Individual Choice?

There are those who oppose the installation of residential sprinklers claiming it should be an individual choice of the home buyer; after all, whom does the fire affect other than the homeowner? On the face of it, I can see that logic; but the same could be said of seatbelts, it only affects those who aren’t wearing them, so why make it law? If you take that excuse to its logical conclusion, why have a residential code at all; after all, it if the building collapses, it only effects the homeowner within.

But I digress; the bottom line is that “no, it doesn’t only effect the homeowner;” as soon as that homeowner dials “911,” it now effects every first responder who comes to help, and their families. According to Fahy and Molis, 32% of firefighter line-of-duty-deaths that occurred 2018 happened in single-family-dwellings.

New construction techniques are resulting in faster building collapses.

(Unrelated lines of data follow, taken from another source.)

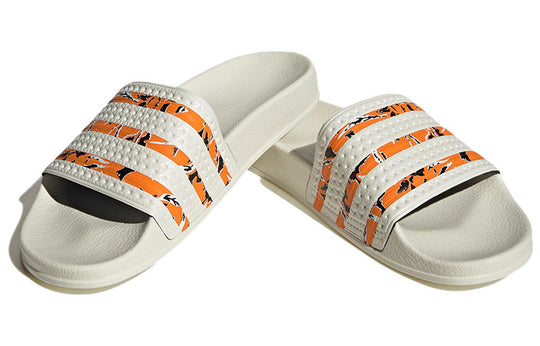 adidas Originals Adilette Slides 'Off White Bright Orange' IE7744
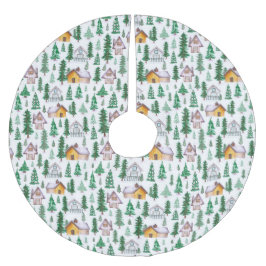 Saia Para Árvore De Natal De Poliéster Cabinas de Cozinha Aquarela em Pinheiros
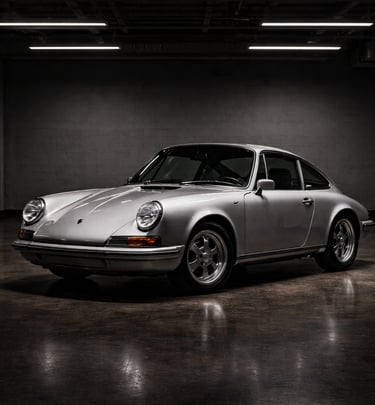 Classic silver Porsche 911 parked in a moody, dimly lit garage with overhead studio lighting.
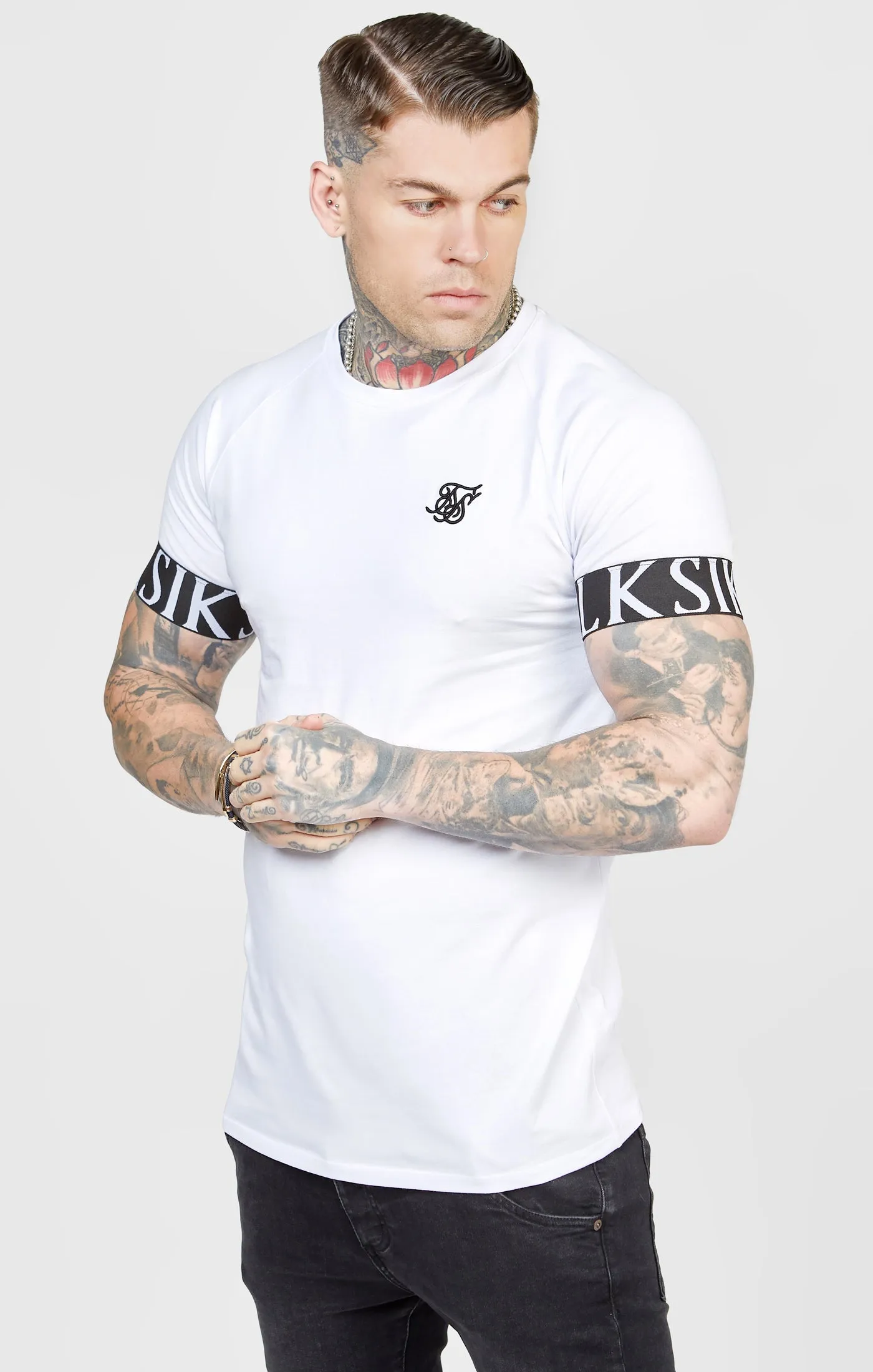 Black Twin Pack Muscle Fit Tech T-Shirt sold by Siksilk product image thumbnail 2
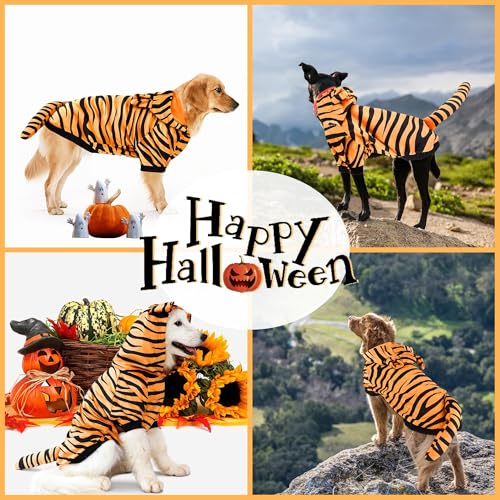 NACOCO Halloween Dog Tiger Costume-Pet Cosplay Clothes Cat Coat Hoodie Outfits Warm Winter Apparel for Dog Small and Medium Cat(M) - image 8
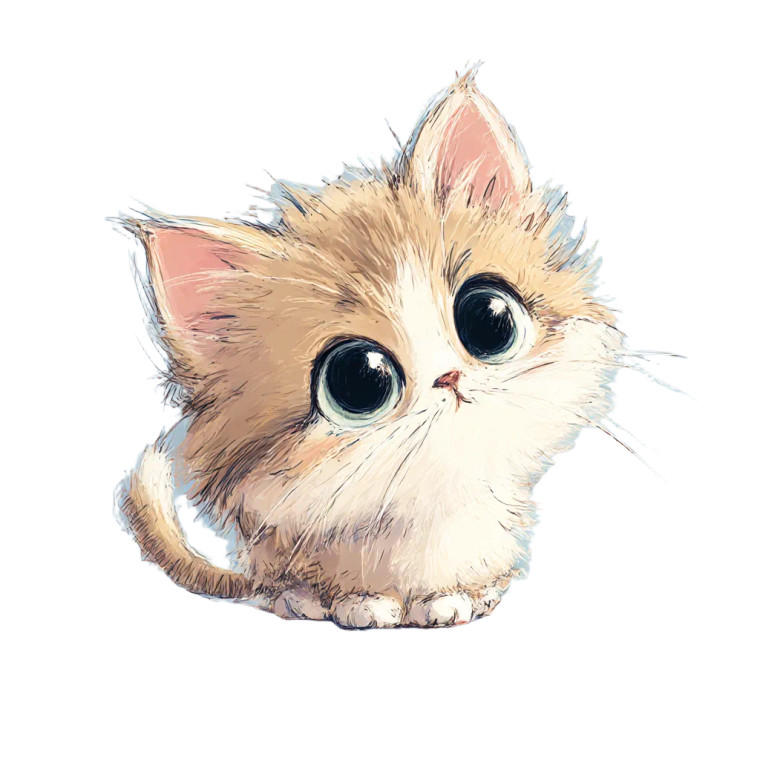 Cute Kitten Illustration V2 Vinyl Car Decal Sticker – Waterproof & UV-Resistant 6.826666666666667"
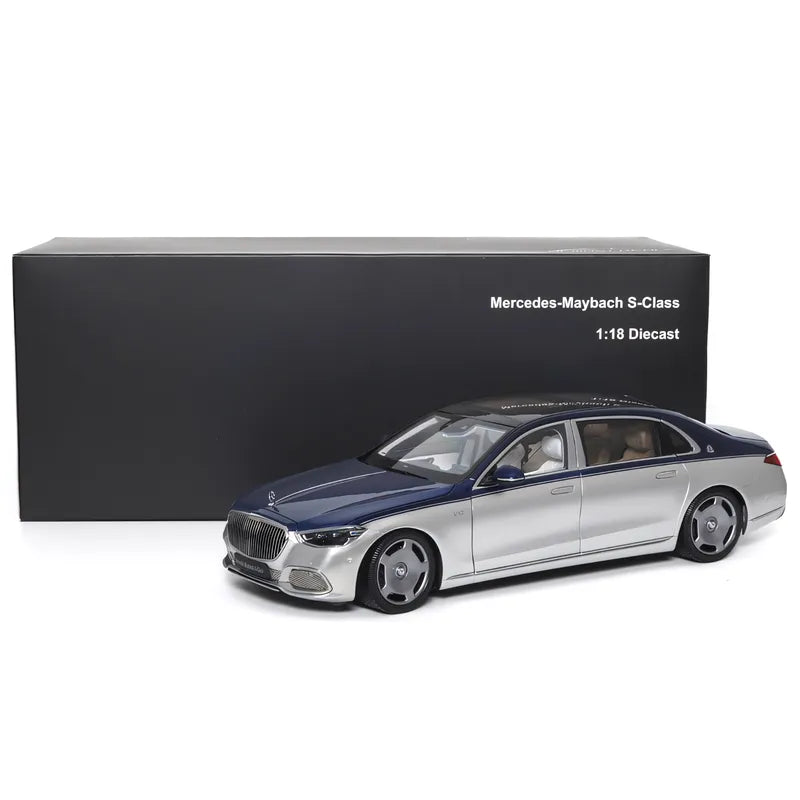 Maybach S-Class 2021 Diecast Model – 1/18 Scale Collectible Car Model (Blue and Silver)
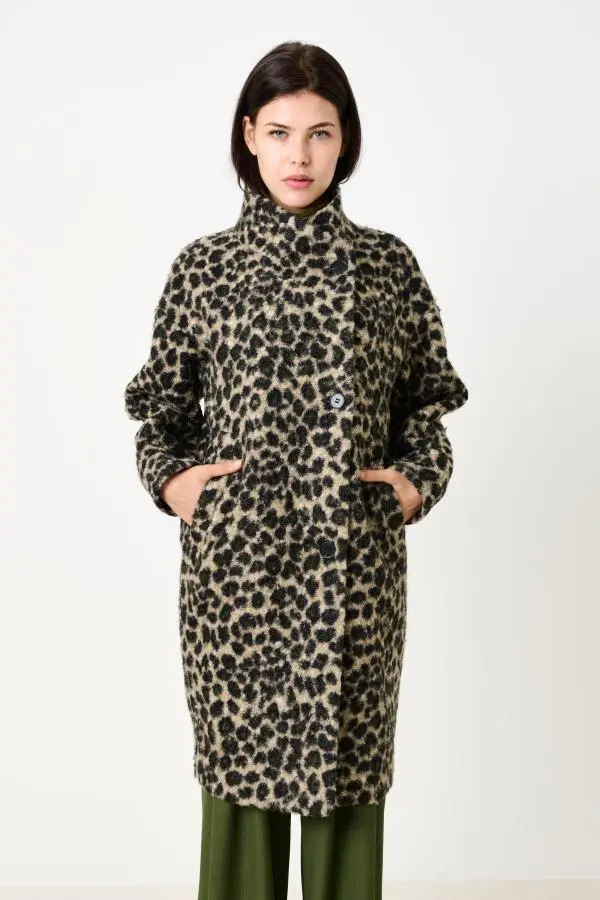 Donalda Animal Funnel Neck Coat - Green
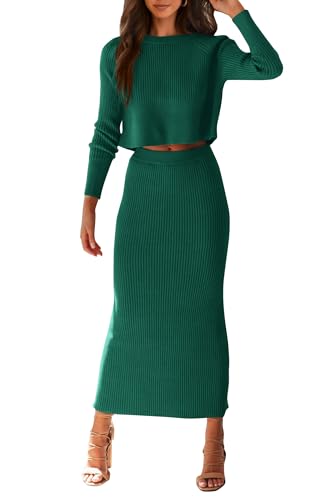 PRETTYGARDEN Women's Spring Fall 2 Piece Sweater Set Rib Knit Long Sleeve Crop Top Maxi Bodycon Skirt Casual Winter Outfits (Dark Green,Small)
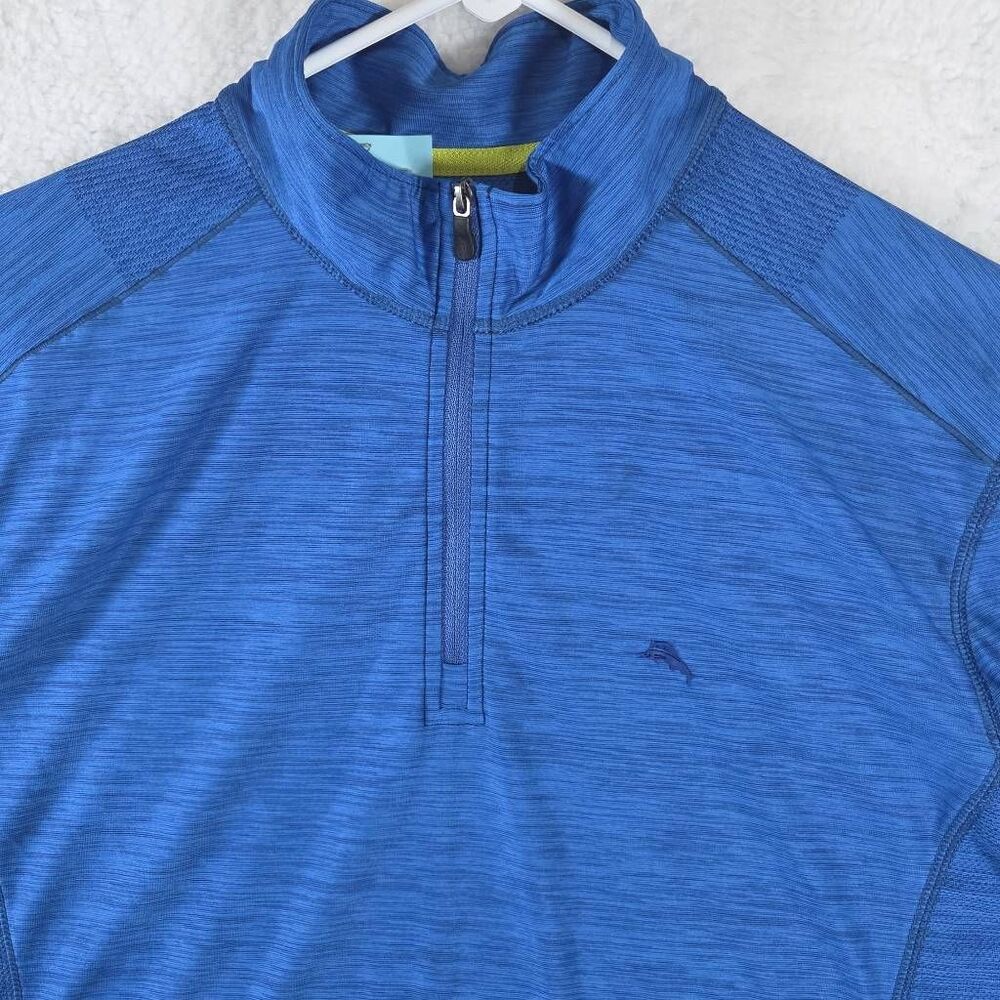 Tommy Bahama Men's Delray IslandZone 1/4 Zip Performance Sweatshirt‎ Blue Medium - Picture 2 of 7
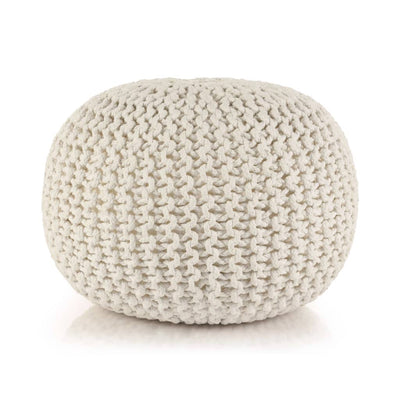 Hand-Knitted Pouffe Cotton 50x35 cm White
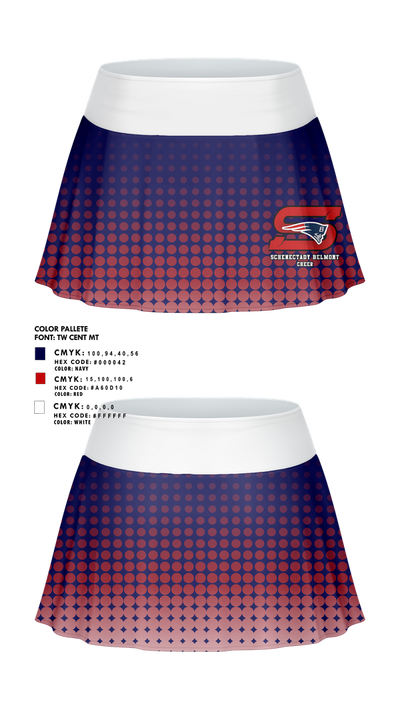 Schenectady Belmont Football & Cheer 31976871 Skort - 1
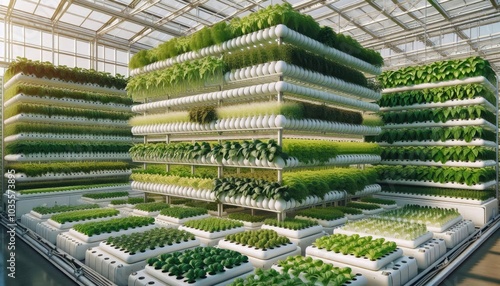 Modern Hydroponic Greenhouse with Vertical Planting System Growing Lush Green Vegetables, Showcasing Sustainable Agriculture and Efficient Food Production in a Controlled Environment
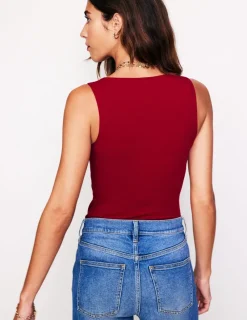 Tops & Blouses | T-Shirts & Tanks-Boden Double Layer Scoop Neck Vest-Red Liquorice RedLiquorice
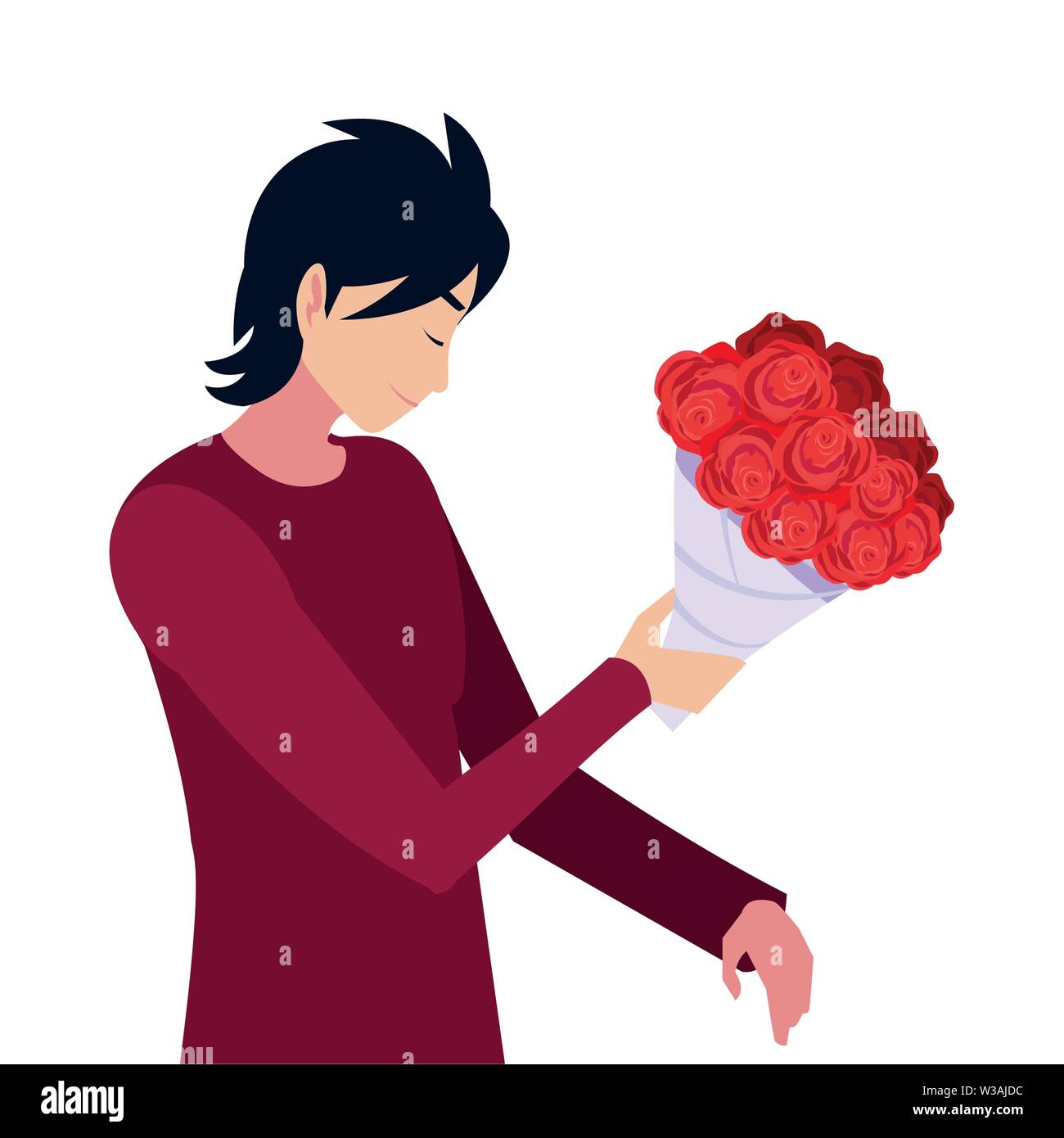 romantic man with flowers bouquet vector illustration Stock Vector ...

Underwriter’s Laboratories did full-scale testing of current technology in building construction versus “legacy” construction. The difference is surface-to-mass ratio; without getting too technical in this essay, UL has definitively proven that sprinklers, while originally aimed at property protection, then, in the 1970’s, modified to provide for civilian fire protection through residential fire sprinkler technology, are now the number #1 tool for protecting the lives of our firefighters. Fire sprinklers are the ultimate firefighter safety system. They stop flashover and flashover is the proven point where a fire becomes deadly for both the occupants and the firefighters. A choice against them is a vote against firefighter safety; it’s that simple.